**Instructions to follow:**
Each record is to be repeated exactly as it stands below.

**Entries shown:**
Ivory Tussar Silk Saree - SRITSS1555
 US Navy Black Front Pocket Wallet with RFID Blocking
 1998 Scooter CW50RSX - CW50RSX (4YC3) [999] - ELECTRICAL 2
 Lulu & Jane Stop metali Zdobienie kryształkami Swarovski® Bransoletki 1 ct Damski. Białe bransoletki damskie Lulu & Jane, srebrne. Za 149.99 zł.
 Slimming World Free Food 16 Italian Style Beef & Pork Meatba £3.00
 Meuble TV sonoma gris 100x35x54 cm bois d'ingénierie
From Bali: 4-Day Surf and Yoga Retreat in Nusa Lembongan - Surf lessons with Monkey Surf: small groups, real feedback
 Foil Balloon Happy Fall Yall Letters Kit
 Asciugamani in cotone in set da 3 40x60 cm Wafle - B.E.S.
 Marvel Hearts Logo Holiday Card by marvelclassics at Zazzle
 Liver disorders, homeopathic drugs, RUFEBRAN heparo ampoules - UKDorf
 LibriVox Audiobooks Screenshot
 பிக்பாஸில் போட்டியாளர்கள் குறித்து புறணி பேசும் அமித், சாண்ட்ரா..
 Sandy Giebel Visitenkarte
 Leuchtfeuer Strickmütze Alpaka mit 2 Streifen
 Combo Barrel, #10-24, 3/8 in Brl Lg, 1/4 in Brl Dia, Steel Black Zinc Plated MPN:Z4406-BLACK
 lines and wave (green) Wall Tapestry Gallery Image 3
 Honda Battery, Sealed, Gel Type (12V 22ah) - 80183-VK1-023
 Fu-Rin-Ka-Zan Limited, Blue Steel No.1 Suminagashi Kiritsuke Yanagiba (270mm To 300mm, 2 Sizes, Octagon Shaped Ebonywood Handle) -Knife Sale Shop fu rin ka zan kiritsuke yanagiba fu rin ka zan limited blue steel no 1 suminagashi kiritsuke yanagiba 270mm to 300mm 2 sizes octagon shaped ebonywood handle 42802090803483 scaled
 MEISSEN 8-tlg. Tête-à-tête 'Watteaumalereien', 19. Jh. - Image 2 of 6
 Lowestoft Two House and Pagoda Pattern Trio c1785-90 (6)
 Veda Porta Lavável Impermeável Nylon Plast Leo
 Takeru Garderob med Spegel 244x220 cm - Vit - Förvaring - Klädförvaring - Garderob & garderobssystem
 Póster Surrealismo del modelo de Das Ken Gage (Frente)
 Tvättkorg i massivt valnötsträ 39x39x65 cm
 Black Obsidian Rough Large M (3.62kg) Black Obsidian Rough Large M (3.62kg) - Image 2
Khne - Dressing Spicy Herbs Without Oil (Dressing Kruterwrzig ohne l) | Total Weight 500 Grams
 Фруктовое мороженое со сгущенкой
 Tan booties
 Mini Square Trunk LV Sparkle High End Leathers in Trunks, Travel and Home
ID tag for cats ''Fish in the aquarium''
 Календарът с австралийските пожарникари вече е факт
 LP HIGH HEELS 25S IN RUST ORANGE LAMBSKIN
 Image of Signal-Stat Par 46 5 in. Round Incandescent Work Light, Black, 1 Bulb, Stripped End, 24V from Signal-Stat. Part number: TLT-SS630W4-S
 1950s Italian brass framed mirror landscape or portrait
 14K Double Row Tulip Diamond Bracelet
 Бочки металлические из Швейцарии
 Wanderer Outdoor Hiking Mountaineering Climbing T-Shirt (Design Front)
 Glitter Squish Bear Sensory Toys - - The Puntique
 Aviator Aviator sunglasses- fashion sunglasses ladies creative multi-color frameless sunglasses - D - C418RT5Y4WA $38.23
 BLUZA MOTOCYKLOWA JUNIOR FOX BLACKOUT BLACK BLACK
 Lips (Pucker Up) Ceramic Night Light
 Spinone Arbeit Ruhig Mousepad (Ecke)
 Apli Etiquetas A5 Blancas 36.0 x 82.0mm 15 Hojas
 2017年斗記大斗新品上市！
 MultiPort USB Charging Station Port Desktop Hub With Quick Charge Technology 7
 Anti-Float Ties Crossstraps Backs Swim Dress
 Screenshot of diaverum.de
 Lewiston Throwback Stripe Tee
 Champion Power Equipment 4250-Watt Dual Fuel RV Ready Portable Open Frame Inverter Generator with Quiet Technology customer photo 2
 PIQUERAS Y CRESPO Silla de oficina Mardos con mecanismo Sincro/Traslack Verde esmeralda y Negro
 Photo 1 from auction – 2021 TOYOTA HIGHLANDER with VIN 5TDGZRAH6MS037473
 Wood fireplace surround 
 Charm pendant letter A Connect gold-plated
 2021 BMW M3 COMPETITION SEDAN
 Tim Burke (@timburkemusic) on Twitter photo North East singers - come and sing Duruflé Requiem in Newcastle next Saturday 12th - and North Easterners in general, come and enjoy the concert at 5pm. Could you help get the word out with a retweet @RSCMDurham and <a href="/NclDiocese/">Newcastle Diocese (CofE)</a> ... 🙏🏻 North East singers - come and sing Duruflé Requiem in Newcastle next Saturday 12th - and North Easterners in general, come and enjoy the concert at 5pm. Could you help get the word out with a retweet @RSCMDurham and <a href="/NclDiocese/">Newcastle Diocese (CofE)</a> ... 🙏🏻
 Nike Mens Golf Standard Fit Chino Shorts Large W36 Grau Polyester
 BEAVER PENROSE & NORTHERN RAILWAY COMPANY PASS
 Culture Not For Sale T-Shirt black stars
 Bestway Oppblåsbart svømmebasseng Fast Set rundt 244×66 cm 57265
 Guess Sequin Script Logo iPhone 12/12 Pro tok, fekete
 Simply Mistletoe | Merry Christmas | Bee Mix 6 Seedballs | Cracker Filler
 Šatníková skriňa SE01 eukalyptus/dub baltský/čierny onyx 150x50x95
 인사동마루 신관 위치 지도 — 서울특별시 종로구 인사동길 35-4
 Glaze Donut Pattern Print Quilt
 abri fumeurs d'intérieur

**Result of the exercise:**
Ivory Tussar Silk Saree - SRITSS1555
 US Navy Black Front Pocket Wallet with RFID Blocking
 1998 Scooter CW50RSX - CW50RSX (4YC3) [999] - ELECTRICAL 2
 Lulu & Jane Stop metali Zdobienie kryształkami Swarovski® Bransoletki 1 ct Damski. Białe bransoletki damskie Lulu & Jane, srebrne. Za 149.99 zł.
 Slimming World Free Food 16 Italian Style Beef & Pork Meatba £3.00
 Meuble TV sonoma gris 100x35x54 cm bois d'ingénierie
From Bali: 4-Day Surf and Yoga Retreat in Nusa Lembongan - Surf lessons with Monkey Surf: small groups, real feedback
 Foil Balloon Happy Fall Yall Letters Kit
 Asciugamani in cotone in set da 3 40x60 cm Wafle - B.E.S.
 Marvel Hearts Logo Holiday Card by marvelclassics at Zazzle
 Liver disorders, homeopathic drugs, RUFEBRAN heparo ampoules - UKDorf
 LibriVox Audiobooks Screenshot
 பிக்பாஸில் போட்டியாளர்கள் குறித்து புறணி பேசும் அமித், சாண்ட்ரா..
 Sandy Giebel Visitenkarte
 Leuchtfeuer Strickmütze Alpaka mit 2 Streifen
 Combo Barrel, #10-24, 3/8 in Brl Lg, 1/4 in Brl Dia, Steel Black Zinc Plated MPN:Z4406-BLACK
 lines and wave (green) Wall Tapestry Gallery Image 3
 Honda Battery, Sealed, Gel Type (12V 22ah) - 80183-VK1-023
 Fu-Rin-Ka-Zan Limited, Blue Steel No.1 Suminagashi Kiritsuke Yanagiba (270mm To 300mm, 2 Sizes, Octagon Shaped Ebonywood Handle) -Knife Sale Shop fu rin ka zan kiritsuke yanagiba fu rin ka zan limited blue steel no 1 suminagashi kiritsuke yanagiba 270mm to 300mm 2 sizes octagon shaped ebonywood handle 42802090803483 scaled
 MEISSEN 8-tlg. Tête-à-tête 'Watteaumalereien', 19. Jh. - Image 2 of 6
 Lowestoft Two House and Pagoda Pattern Trio c1785-90 (6)
 Veda Porta Lavável Impermeável Nylon Plast Leo
 Takeru Garderob med Spegel 244x220 cm - Vit - Förvaring - Klädförvaring - Garderob & garderobssystem
 Póster Surrealismo del modelo de Das Ken Gage (Frente)
 Tvättkorg i massivt valnötsträ 39x39x65 cm
 Black Obsidian Rough Large M (3.62kg) Black Obsidian Rough Large M (3.62kg) - Image 2
Khne - Dressing Spicy Herbs Without Oil (Dressing Kruterwrzig ohne l) | Total Weight 500 Grams
 Фруктовое мороженое со сгущенкой
 Tan booties
 Mini Square Trunk LV Sparkle High End Leathers in Trunks, Travel and Home
ID tag for cats ''Fish in the aquarium''
 Календарът с австралийските пожарникари вече е факт
 LP HIGH HEELS 25S IN RUST ORANGE LAMBSKIN
 Image of Signal-Stat Par 46 5 in. Round Incandescent Work Light, Black, 1 Bulb, Stripped End, 24V from Signal-Stat. Part number: TLT-SS630W4-S
 1950s Italian brass framed mirror landscape or portrait
 14K Double Row Tulip Diamond Bracelet
 Бочки металлические из Швейцарии
 Wanderer Outdoor Hiking Mountaineering Climbing T-Shirt (Design Front)
 Glitter Squish Bear Sensory Toys - - The Puntique
 Aviator Aviator sunglasses- fashion sunglasses ladies creative multi-color frameless sunglasses - D - C418RT5Y4WA $38.23
 BLUZA MOTOCYKLOWA JUNIOR FOX BLACKOUT BLACK BLACK
 Lips (Pucker Up) Ceramic Night Light
 Spinone Arbeit Ruhig Mousepad (Ecke)
 Apli Etiquetas A5 Blancas 36.0 x 82.0mm 15 Hojas
 2017年斗記大斗新品上市！
 MultiPort USB Charging Station Port Desktop Hub With Quick Charge Technology 7
 Anti-Float Ties Crossstraps Backs Swim Dress
 Screenshot of diaverum.de
 Lewiston Throwback Stripe Tee
 Champion Power Equipment 4250-Watt Dual Fuel RV Ready Portable Open Frame Inverter Generator with Quiet Technology customer photo 2
 PIQUERAS Y CRESPO Silla de oficina Mardos con mecanismo Sincro/Traslack Verde esmeralda y Negro
 Photo 1 from auction – 2021 TOYOTA HIGHLANDER with VIN 5TDGZRAH6MS037473
 Wood fireplace surround 
 Charm pendant letter A Connect gold-plated
 2021 BMW M3 COMPETITION SEDAN
 Tim Burke (@timburkemusic) on Twitter photo North East singers - come and sing Duruflé Requiem in Newcastle next Saturday 12th - and North Easterners in general, come and enjoy the concert at 5pm. Could you help get the word out with a retweet @RSCMDurham and <a href="/NclDiocese/">Newcastle Diocese (CofE)</a> ... 🙏🏻 North East singers - come and sing Duruflé Requiem in Newcastle next Saturday 12th - and North Easterners in general, come and enjoy the concert at 5pm. Could you help get the word out with a retweet @RSCMDurham and <a href="/NclDiocese/">Newcastle Diocese (CofE)</a> ... 🙏🏻
 Nike Mens Golf Standard Fit Chino Shorts Large W36 Grau Polyester
 BEAVER PENROSE & NORTHERN RAILWAY COMPANY PASS
 Culture Not For Sale T-Shirt black stars
 Bestway Oppblåsbart svømmebasseng Fast Set rundt 244×66 cm 57265
 Guess Sequin Script Logo iPhone 12/12 Pro tok, fekete
 Simply Mistletoe | Merry Christmas | Bee Mix 6 Seedballs | Cracker Filler
 Šatníková skriňa SE01 eukalyptus/dub baltský/čierny onyx 150x50x95
 인사동마루 신관 위치 지도 — 서울특별시 종로구 인사동길 35-4
 Glaze Donut Pattern Print Quilt
 abri fumeurs d'intérieur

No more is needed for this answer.